Czech-born American physicist (1922–2018)

Emil Wolf (July 30, 1922 – June 2, 2018) was a Czech-born American physicist who made advancements in physical optics, including diffraction, coherence properties of optical fields, spectroscopy of partially coherent radiation, and the theory of direct scattering and inverse scattering. He was also the author of numerous other contributions to optics.

==Life and career==
Wolf was born into a Jewish family in Prague, Czechoslovakia. He was forced to leave his native country when the Germans invaded. After brief periods in Italy and France (where he worked for the Czech government in exile), he moved to the United Kingdom in 1940. He received his B.Sc. in Mathematics and Physics (1945), and Ph.D. in Mathematics from Bristol University, England, in 1948. Between 1951 and 1954 he worked at the University of Edinburgh with Max Born, writing the famous textbook Principles of Optics now usually known simply as Born and Wolf. He joined the Faculty of the University of Manchester, where he did some of his best-known work, establishing the foundations of optical coherence theory. He moved to the United States in 1959 to take a position at the University of Rochester. He became a naturalized U.S. citizen and was the Wilson Professor of Optical Physics at the University of Rochester. He was president of the Optical Society of America in 1978. Until his death Wolf resided in Cloverwood in Pittsford, New York, with his wife.

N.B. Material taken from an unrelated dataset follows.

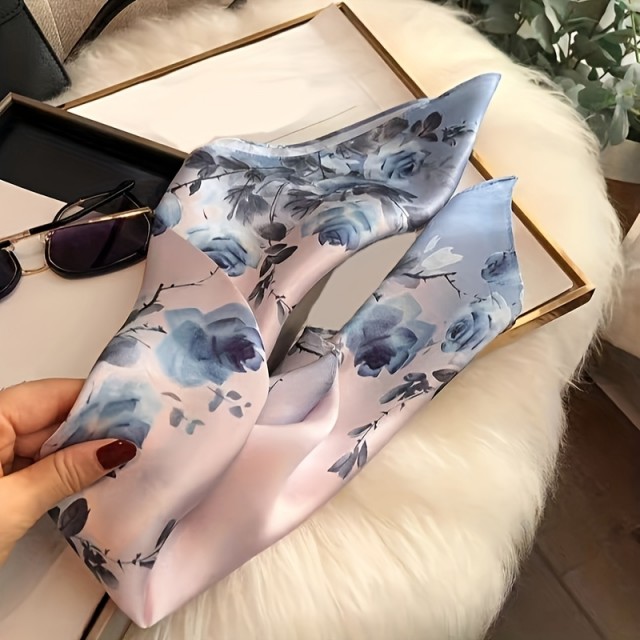 Elegantna ženska kvadratna ruta s pastelnimi toni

Wolf predicted a new mechanism that produces redshift and blueshift, that is not due to moving sources (Doppler effect), that has subsequently been confirmed experimentally (called the Wolf effect). Technically, he found that two non-Lambertian sources that emit beamed energy, can interact in a way that causes a shift in the spectral lines. It is analogous to a pair of tuning forks with similar frequencies (pitches), connected together mechanically with a sounding board; there is a strong coupling that results in the resonant frequencies getting "dragged down" in pitch. The Wolf effect can produce either redshifts or blueshifts, depending on the observer's point of view, but is redshifted when the observer is head-on. A subsequent 1999 article by Sisir Roy et al. have suggested that the Wolf effect may explain discordant redshift in certain quasars.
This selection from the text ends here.